In the present work we demonstrated that the combination of a phase-change material and a plasmonic nanostructure can be effectively used to externally modulate the emission of magnetic dipoles. Particularly, we have shown that a hybrid nanostructure consisting of magnetic dipoles sandwiched between an Au nanoantenna array and a multilayer structure containing VO₂ can lead to efficient modulation of the Er³⁺ emission at 1540 nm. This is due to the control of intensity and spectral position of the magnetic resonance of the overall structure, which change with VO₂ changing from semiconductor to metallic state upon an external stimulus (which can be thermal, electrical or optical). In the present work, the nanostructure is optimized to give enhanced magnetic field in the layer between the nanoantenna and VO₂ at 1540 nm when VO₂ is metallic. We showed that the high magnetic field contrast between the two states of the VO₂ layer leads to a similar emission contrast of the magnetic dipoles, thus controlling the difference in the far-field collected signal between the two states. Moreover, the arrangement of the Au nanoantennas in a 2D array and the periodic pattering of the distribution of emitters lead to high values of modulation depth and contrast ratio between the two states for magnetic emission of Er³⁺; these values can be optimized by choosing the right periodicity and collection angle. We believe that such an approach can be of great importance for the realization of efficient light sources at the nanoscale, where the optically induced phase transition of VO₂ can enable the ultrafast modulation.
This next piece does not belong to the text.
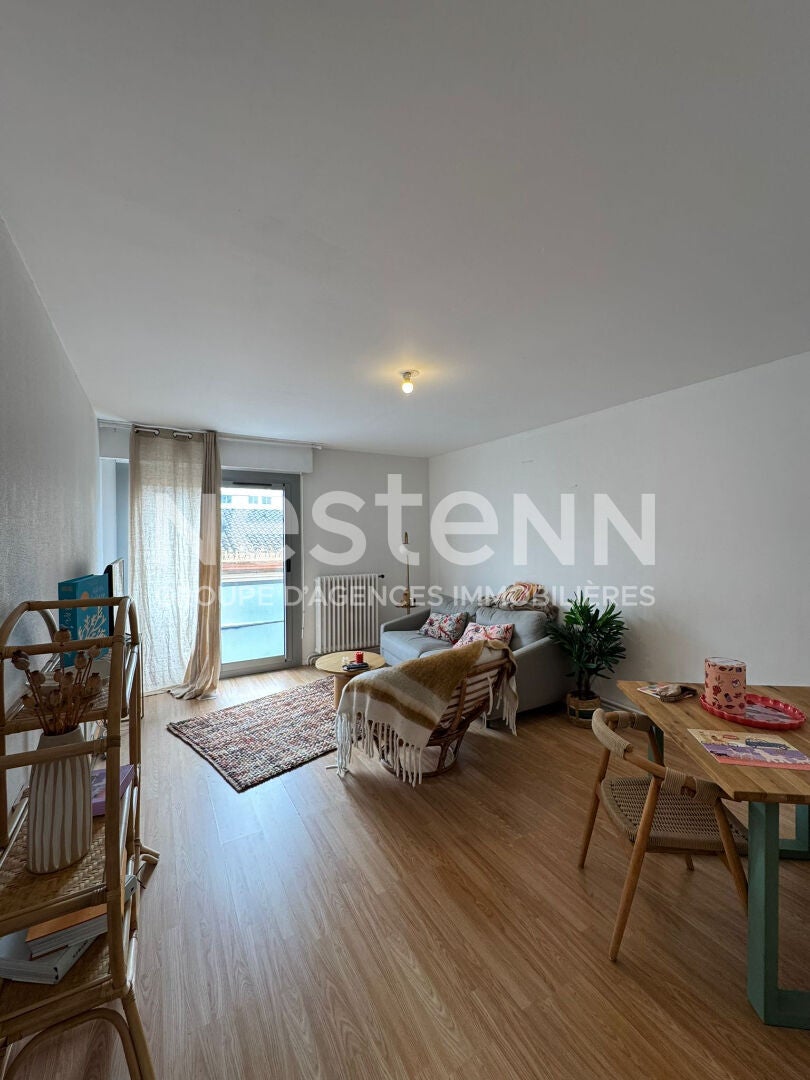 Appartement Rue Cany à Toulouse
Appendix A: Simulation and material properties

In order to simulate the absorption and emission properties of the investigated nanostructure, a single Au nanoantenna, or a 2D periodic array of nanoantennas, is designed upon two thin layers (Er:SiO₂ and VO₂) and a semi-infinite substrate, all of which are infinite in the xy plane. The simulation region is defined by putting perfectly matched layers (PMLs) in all six directions. PMLs are at least half the maximum wavelength distant from the nanoantenna and the lowest VO2 z coordinate to prevent reflection of the evanescent fields. We assumed both SiO₂ substrate and Er:SiO₂ emitting layer to be lossless (n = 1.46), which is justified for doping with low concentrations of photoluminescent ions. The optical properties of Au are taken from the Lumerical database (Johnson&Christy), while for VO₂ we used recently measured complex refractive index values [10], fitted in the wavelength range 800-2000 nm.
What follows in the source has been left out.